Riley also didn’t like Trump’s demeanor. He “looked and sounded frighteningly unprepared.” He rolled his eyes, shifted his weight, and seemed impatient. He was rambling and incoherent.
“The one thing everybody already knows about Donald Trump is that he’s very rich, yet the candidate couldn’t stop reminding us of this fact throughout the evening and no matter the context. Asked about recent racial unrest following police shootings around the country, he began, ‘When I look at Charlotte, a city that I love, a city where I have investments . . . .'”
What about on-the-fence or undecided female and black voters?
“Mr. Trump did nothing Monday to help his standing with the women and minority voters who are likely to decide the election. When confronted with past sexist remarks, he remained silent or said the women ‘deserved’ it. Democrats deserve criticism for their treatment of black voters, but it’s hard to take it seriously coming from a man who seems to have discovered black America about 15 minutes ago. Someone on Team Trump ought to inform the candidate that the vast majority of black people in the U.S. are neither unemployed nor living in poverty.”
Do you agree with Riley’s assessment of Trump’s debate performance?
Photo credit: By Gage Skidmore from Peoria, AZ, United States of America – Donald Trump, CC BY-SA 2.0, Wikimedia Commons
how come more black republicans aren’t relaying this message to Trump? when asked at the debate about how to heal racial strife, he talks about law and order and making POTUS release his birth certificate.. talk about tone deaf.. i’m no HRC fan, but Trump will NEVER get my vote with his attitude..
I’m an eighty-year-old refugee from Chicago, the president’s “home town,” sanctuary city, union city and Democratic bastion. Also home to some of the world’s best trauma surgeons who managed to save over 2,000 lives this year alone. I’m also old enough to remember a vibrant black community that I was probably safer in as a child than in my own. My family home was close to the area where MLK marched, and I lived there until my family was no longer safe in the middle of the shooting gallery that my neighborhood became in the turf wars between the black and Hispanic gangs that plagued the once quiet south side of the city.

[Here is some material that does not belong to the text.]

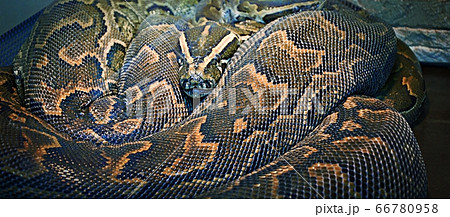Hieroglyphic python, or rock python (lat. Pythonの写真素材 [66780958] - PIXTA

I have not been a fan of Donald Trump, and yes, he speaks awkwardly, but I will vote for him because I believe he may grow into the job. We elected a virtual unknown the last time around whose only claim to fame was getting his rival’s records unsealed before sealing his own and the ability to read from a teleprompter. Chicago and its minority neighborhoods have benefited nothing from Mr. Obama’s presidency. The city may not benefit from a Trump presidency, either, and what you see is what you get but politically, he is an unknown quantity and may make a positive difference. Mrs. Clinton is anything but transparent, a known political quantity who will just drag this country down further.